### WORKING DATA
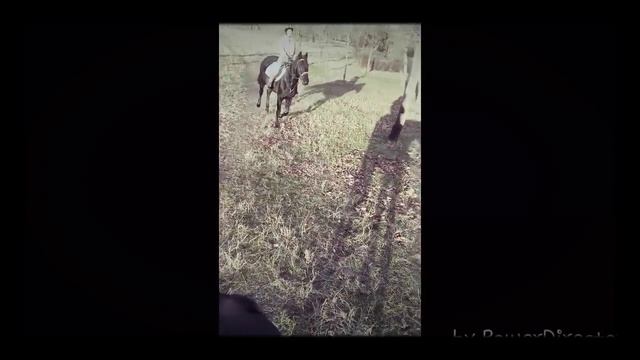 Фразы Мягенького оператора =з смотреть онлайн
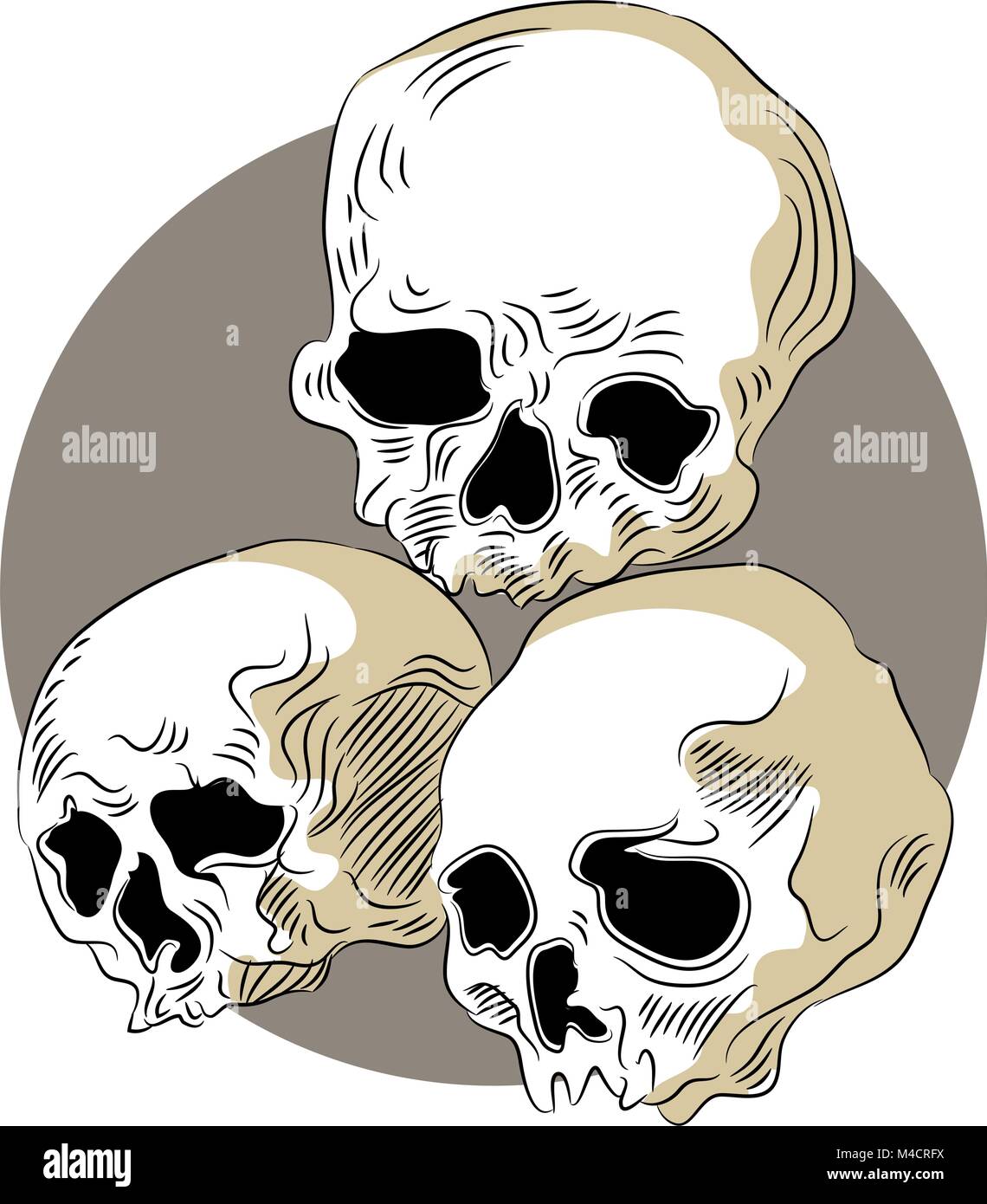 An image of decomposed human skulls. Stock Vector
---
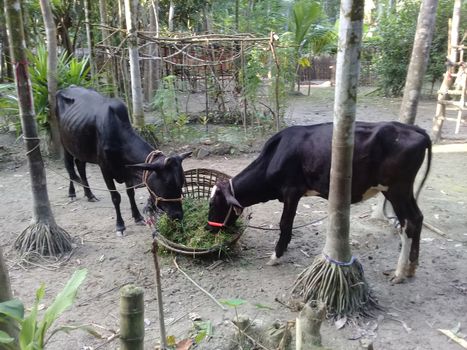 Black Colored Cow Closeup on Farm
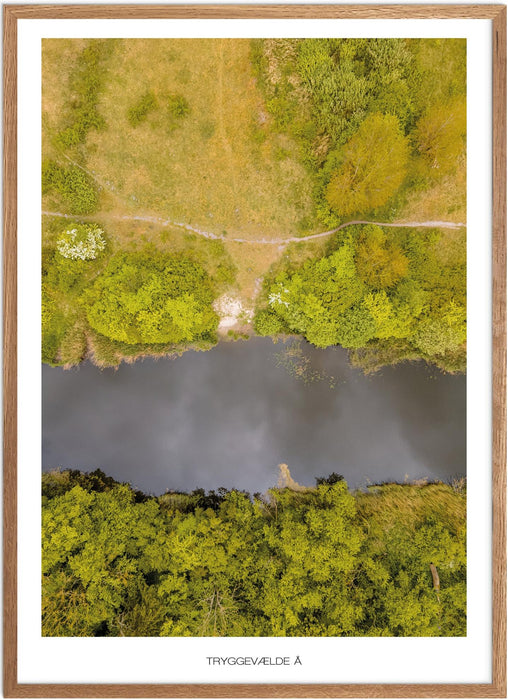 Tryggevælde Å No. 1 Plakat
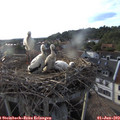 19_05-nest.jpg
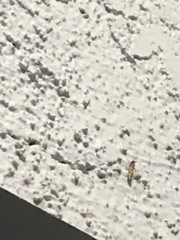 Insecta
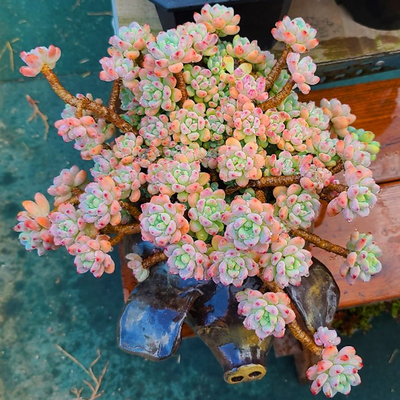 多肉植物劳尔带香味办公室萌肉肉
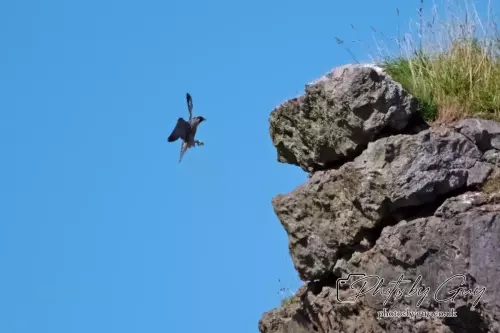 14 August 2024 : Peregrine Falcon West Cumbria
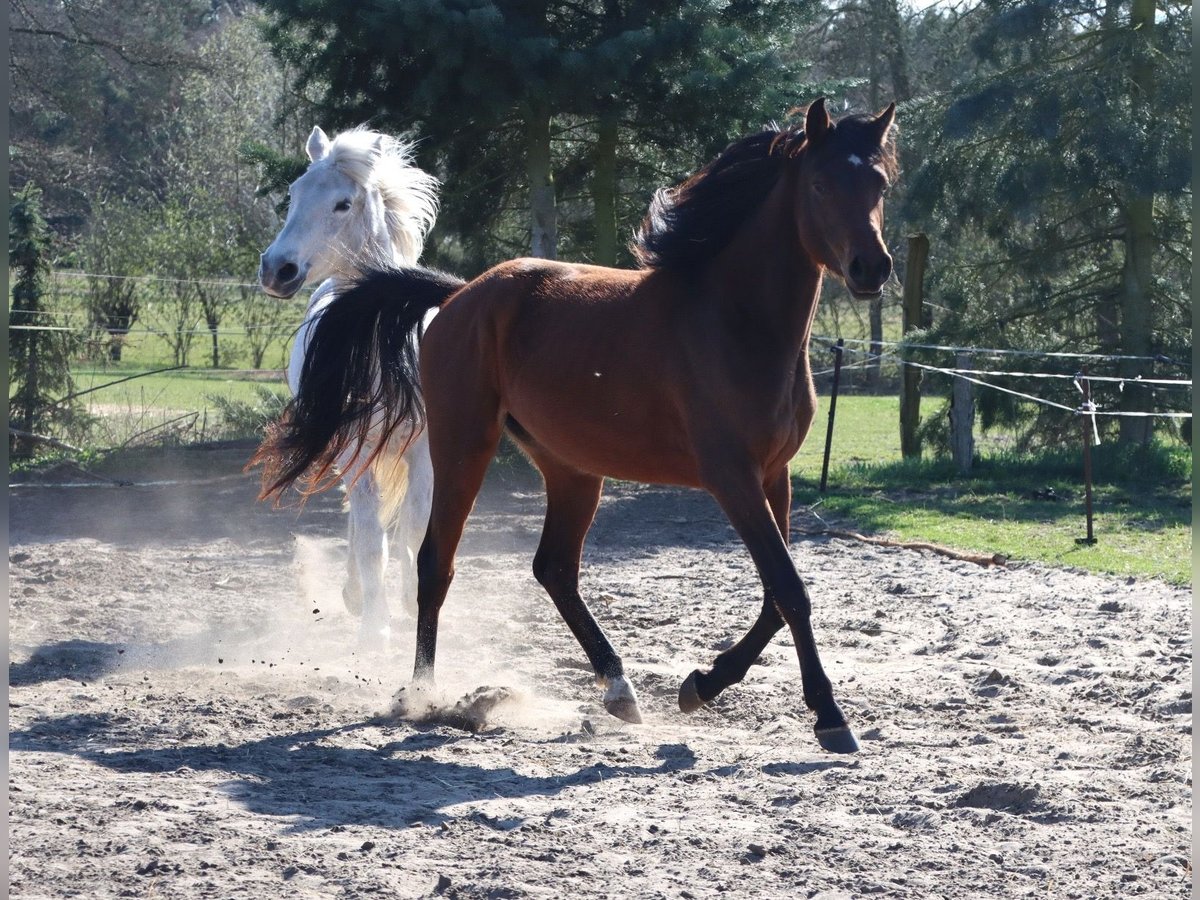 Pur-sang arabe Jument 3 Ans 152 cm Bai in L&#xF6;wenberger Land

### ACTION ITEM
Nothing but the lines from the one with "Фразы Мягенького оператора" to the one with "An image of" above, both included, should be transcribed, exactly and without pictures.

### ANSWER
 Фразы Мягенького оператора =з смотреть онлайн
 An image of decomposed human skulls. Stock Vector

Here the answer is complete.